• [WHAT YOU WILL DO]: Ignoring the pictures, repeat every entry below exactly as it appears.

+ + + +

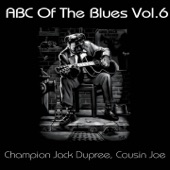 ABC of the Blues, Vol. 6 artwork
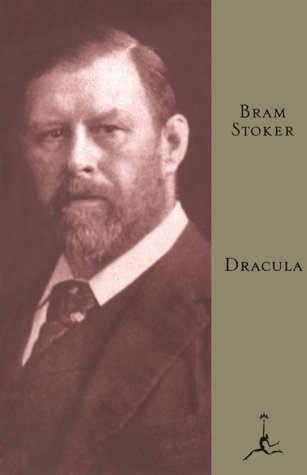 Cover of Dracula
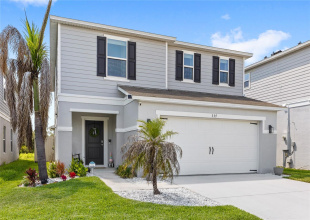 DAVENPORT, Florida 33837, 4 Bedrooms Bedrooms, ,2 BathroomsBathrooms,Residential,For Sale,PRESERVE POINTE,0,MFRO6409616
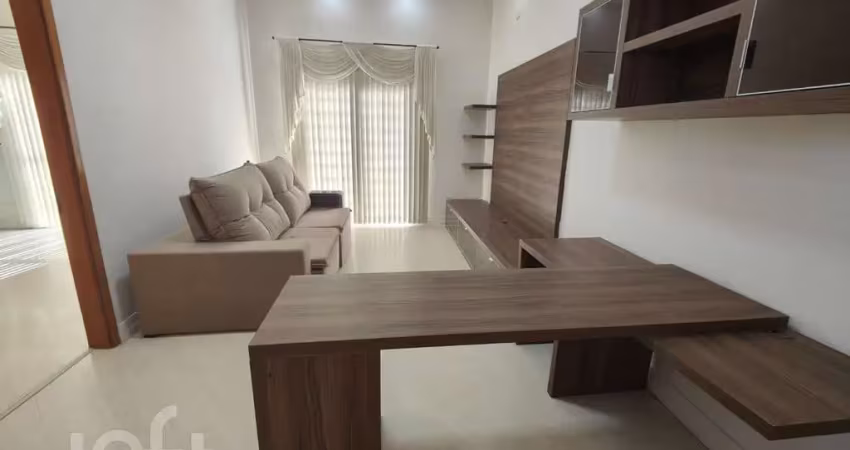 Apartamento com 5 quartos à venda na Rua Campos Sales, 400, Centro, Santo André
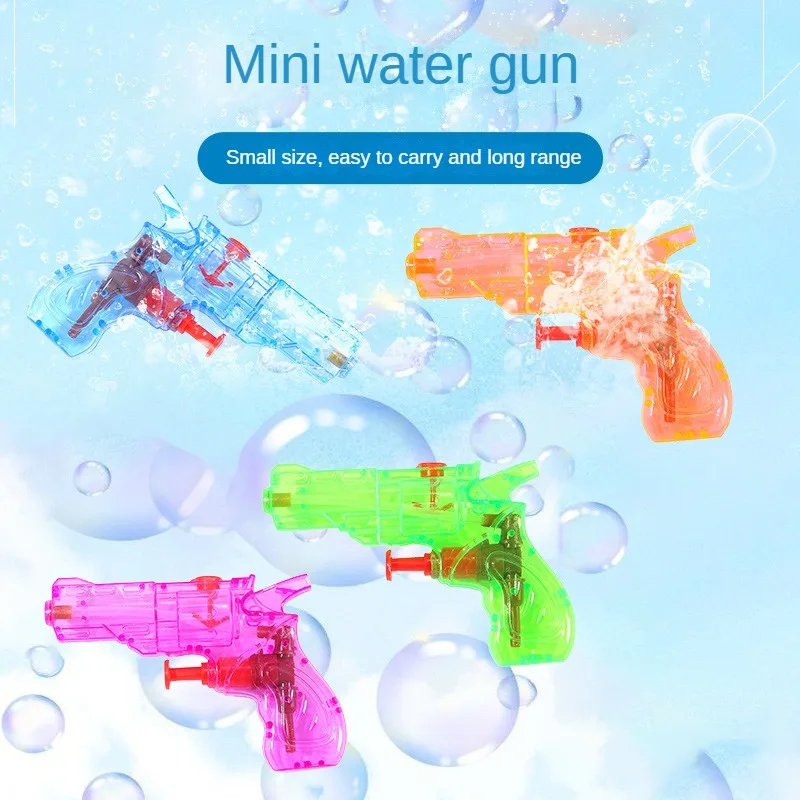 10/5Pcs Mini Water Guns Childr - Outdoor Sport Games For Kids review and price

+ + + +

• [RESPONSE FOR THIS EXERCISE]:
 ABC of the Blues, Vol. 6 artwork
 Cover of Dracula
 DAVENPORT, Florida 33837, 4 Bedrooms Bedrooms, ,2 BathroomsBathrooms,Residential,For Sale,PRESERVE POINTE,0,MFRO6409616
 Apartamento com 5 quartos à venda na Rua Campos Sales, 400, Centro, Santo André
 10/5Pcs Mini Water Guns Childr - Outdoor Sport Games For Kids review and price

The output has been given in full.